Maybe gradient tape thinks that the neural network is not differentiable?

# Explicit derivatives of ResNet

Here we only approximate the "half" gradient so far. 

In [18]:
class PINN_ResNet(tf.keras.Model):
    """ Set basic architecture of the PINN model."""

    def __init__(self,
                 ResNetLayers=2,
                 ResNetNeurons=16,
                 ResNetStepsize=1.0,
                 ResNetActivation='sigmoid',
                 **kwargs):
        
        super(PINN_ResNet, self).__init__(**kwargs)
        
        #RNact = tf.keras.activations.get(ResNetActivation)
        #RNact = my_act
        RNact = ResNetActivation
        

        
        self.ResNetLayers = ResNetLayers
        self.ResNetStepsize = ResNetStepsize

        self.ResNet = [tf.keras.layers.Dense(ResNetNeurons,
                                        activation = RNact) for _ in range(self.ResNetLayers)]
        self.wb = tf.keras.layers.Dense(1)
        self.A = tf.keras.layers.Dense(2, use_bias=False)
        self.c = tf.keras.layers.Dense(1, use_bias=False)
        
        #self.num_hidden_layers = num_hidden_layers
        self.input_dim = 2
        self.output_dim = 1


        # Define NN architecture
        
        # Output layer
        #self.out = tf.keras.layers.Dense(1, activation='sigmoid')

        
    def call(self, input_tensor, training=False):
        """Forward-pass through neural network."""
        
        self.tmp_layer_output = [input_tensor]
        
        N = self.ResNet[0](input_tensor, training=training)
        
        for i in range(1, self.ResNetLayers):
            self.tmp_layer_output.append(N)
            N = N + self.ResNetStepsize * self.ResNet[i](N, training=training)
        
        Phi = self.wb(N, training=training)

#         As = self.A(input_tensor, training=training)
#         sAs = tf.keras.layers.Dot(axes=(1))([input_tensor, As])
#         Phi += .5 * sAs
#         Phi += self.c(input_tensor, training=training)
            
        return Phi

Gradient of model, which approximates solution of pde

In [19]:
def get_gradient_ResNet(R):
    δ = get_gradient_layer(R.ResNet[-1].weights[0], R.ResNet[-1].weights[1], R.tmp_layer_output[-1], R.wb.weights[0])

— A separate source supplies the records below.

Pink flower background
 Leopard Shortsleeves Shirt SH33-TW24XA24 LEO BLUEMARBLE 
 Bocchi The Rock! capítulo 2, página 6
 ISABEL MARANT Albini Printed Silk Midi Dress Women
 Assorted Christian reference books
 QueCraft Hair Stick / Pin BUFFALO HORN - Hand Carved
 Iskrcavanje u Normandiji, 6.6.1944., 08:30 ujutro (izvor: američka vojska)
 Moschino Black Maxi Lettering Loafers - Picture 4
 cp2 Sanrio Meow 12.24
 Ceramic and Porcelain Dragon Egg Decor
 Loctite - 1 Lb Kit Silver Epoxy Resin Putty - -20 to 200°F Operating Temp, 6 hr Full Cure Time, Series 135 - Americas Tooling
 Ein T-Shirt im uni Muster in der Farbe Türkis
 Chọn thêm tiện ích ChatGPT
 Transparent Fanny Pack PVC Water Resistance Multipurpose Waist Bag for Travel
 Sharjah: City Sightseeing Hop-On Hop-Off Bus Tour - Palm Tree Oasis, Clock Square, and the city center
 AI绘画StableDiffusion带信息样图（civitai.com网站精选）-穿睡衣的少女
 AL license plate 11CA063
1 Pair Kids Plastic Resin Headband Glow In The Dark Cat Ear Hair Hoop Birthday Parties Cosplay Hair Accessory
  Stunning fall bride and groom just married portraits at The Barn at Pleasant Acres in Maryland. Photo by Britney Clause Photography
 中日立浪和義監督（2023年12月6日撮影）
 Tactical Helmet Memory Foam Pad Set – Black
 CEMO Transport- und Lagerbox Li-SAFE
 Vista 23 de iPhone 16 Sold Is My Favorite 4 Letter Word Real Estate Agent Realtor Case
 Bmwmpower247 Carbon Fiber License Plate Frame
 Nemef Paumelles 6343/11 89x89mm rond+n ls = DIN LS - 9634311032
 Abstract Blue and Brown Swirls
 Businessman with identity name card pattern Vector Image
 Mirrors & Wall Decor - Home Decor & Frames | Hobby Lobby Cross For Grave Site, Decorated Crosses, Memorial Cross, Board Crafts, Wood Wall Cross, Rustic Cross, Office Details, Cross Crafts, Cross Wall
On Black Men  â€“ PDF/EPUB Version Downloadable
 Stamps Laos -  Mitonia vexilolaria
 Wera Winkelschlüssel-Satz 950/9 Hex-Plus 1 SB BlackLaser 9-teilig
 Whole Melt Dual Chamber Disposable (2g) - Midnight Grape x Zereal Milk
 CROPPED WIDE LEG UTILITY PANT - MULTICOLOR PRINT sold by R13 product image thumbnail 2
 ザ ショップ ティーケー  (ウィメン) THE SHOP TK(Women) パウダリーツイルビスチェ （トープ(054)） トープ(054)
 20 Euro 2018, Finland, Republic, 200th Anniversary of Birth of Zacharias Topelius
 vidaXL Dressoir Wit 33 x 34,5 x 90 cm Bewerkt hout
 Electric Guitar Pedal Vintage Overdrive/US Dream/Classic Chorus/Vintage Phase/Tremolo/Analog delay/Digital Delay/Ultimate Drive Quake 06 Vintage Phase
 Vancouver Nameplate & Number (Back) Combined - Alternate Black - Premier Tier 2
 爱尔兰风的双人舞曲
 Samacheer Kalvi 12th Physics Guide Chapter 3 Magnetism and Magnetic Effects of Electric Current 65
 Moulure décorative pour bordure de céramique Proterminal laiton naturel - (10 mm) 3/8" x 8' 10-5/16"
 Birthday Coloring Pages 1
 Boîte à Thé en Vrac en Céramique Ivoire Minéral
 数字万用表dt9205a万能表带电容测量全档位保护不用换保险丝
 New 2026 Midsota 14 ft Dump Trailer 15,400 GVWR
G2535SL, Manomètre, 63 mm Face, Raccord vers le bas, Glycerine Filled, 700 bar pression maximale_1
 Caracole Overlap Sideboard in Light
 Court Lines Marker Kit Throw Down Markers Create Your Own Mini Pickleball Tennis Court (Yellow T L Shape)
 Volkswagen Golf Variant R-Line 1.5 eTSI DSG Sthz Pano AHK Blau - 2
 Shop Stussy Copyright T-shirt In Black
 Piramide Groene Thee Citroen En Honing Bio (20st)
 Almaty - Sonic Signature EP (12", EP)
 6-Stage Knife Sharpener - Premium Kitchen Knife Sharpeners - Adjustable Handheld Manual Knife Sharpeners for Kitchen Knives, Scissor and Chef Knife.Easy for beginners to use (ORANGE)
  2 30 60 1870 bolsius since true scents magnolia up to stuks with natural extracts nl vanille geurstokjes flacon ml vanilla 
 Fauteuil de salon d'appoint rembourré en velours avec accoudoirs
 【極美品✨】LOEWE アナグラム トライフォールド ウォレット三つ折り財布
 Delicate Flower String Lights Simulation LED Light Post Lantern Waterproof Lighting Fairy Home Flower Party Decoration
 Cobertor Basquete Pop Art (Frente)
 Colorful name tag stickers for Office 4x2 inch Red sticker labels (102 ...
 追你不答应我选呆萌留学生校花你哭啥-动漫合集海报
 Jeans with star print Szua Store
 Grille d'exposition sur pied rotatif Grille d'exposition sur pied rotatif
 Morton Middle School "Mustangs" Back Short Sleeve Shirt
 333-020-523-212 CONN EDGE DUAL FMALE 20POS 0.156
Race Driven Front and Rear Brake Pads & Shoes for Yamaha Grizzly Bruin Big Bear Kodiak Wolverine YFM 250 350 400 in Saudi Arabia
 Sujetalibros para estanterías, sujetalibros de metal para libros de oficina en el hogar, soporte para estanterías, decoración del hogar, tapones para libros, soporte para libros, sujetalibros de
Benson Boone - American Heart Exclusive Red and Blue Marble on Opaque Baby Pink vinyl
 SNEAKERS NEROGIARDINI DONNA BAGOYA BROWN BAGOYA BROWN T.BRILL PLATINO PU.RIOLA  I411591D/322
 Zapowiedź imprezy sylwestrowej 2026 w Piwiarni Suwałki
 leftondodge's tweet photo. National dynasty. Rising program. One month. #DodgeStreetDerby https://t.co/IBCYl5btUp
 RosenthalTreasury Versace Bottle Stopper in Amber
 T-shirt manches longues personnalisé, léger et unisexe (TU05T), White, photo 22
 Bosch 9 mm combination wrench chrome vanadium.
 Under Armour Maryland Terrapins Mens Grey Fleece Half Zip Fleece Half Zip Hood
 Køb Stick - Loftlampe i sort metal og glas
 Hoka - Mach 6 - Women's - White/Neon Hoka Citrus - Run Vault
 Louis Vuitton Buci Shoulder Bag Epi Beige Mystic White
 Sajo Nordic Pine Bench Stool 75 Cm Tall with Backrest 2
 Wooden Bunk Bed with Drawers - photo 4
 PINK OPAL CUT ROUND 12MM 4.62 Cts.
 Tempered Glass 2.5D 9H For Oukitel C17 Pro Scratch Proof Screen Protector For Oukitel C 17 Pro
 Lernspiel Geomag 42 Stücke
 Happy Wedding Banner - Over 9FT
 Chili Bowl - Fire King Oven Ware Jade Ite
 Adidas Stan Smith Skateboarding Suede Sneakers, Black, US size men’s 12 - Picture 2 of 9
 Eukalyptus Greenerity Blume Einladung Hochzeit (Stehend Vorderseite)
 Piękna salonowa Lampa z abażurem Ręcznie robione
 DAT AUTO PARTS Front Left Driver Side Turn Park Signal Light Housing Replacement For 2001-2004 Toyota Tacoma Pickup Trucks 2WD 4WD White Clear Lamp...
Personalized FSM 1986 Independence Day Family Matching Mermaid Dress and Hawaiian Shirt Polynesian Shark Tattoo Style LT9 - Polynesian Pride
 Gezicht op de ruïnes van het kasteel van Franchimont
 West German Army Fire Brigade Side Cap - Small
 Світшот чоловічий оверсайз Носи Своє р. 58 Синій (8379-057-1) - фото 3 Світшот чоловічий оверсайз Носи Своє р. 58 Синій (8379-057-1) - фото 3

    δ = R.wb.weights[0] + R.ResNetStepsize * δ
 
    for k in range(R.ResNetLayers-2, 0, -1):
        δ = δ + R.ResNetStepsize * get_gradient_layer(R.ResNet[k].weights[0], R.ResNet[k].weights[1], R.tmp_layer_output[k], δ)
          
    
    δ = get_gradient_layer(R.ResNet[0].weights[0], R.ResNet[0].weights[1], R.tmp_layer_output[0], δ)
    
    #return δ + np.transpose(R.A(R.tmp_layer_output[0]).numpy()) + R.c.get_weights()[0]
    return δ 

Something is wrong with the 'whole' gradient?

In [20]:
Resnet = PINN_ResNet()

x = tf.constant([[1., 10.]])

out = Resnet(x)

δ = get_gradient_ResNet(Resnet)

print(δ)

δ_ad = _fvals1(Resnet, x)

print(δ_ad[1])

print(np.linalg.norm(δ - δ_ad[1]))

tf.Tensor(
[[ 0.02221752]
 [-0.00531843]], shape=(2, 1), dtype=float32)
[[ 0.0222175 ]
 [-0.00531846]]
3.3967748e-08


In [21]:
for i in range(5):
    x = tf.random.normal((1,2))
    Resnet = PINN_ResNet()
    out = Resnet(x)
    δ1 = get_gradient_ResNet(Resnet)
    δ_ad = _fvals1(Resnet, x)[1]
    print(np.linalg.norm(δ1-δ_ad))

2.0061302e-08
0.0
7.450581e-09
1.4901161e-08
1.8626451e-08


In [22]:
def get_gradient_hessian_layer_ResNet(W,b,a,δ):
    z1 = np.transpose(a @ W)  
    b = np.reshape(b, np.shape(z1))
    z2 = z1 + b
    z3 = np.diag(tf.reshape(mdσ(z2), [-1])) @ δ
    
    z4 = md2σ(z2) * δ
    ϑ = np.diag(tf.reshape(z4, [-1]))
    
    return W @ z3, W @ ϑ @ np.transpose(W)

In [23]:
def get_hessian_ResNet(R):
    δ,ϑ = get_gradient_hessian_layer_ResNet(R.ResNet[-1].weights[0], R.ResNet[-1].weights[1], R.tmp_layer_output[-1], R.wb.weights[0])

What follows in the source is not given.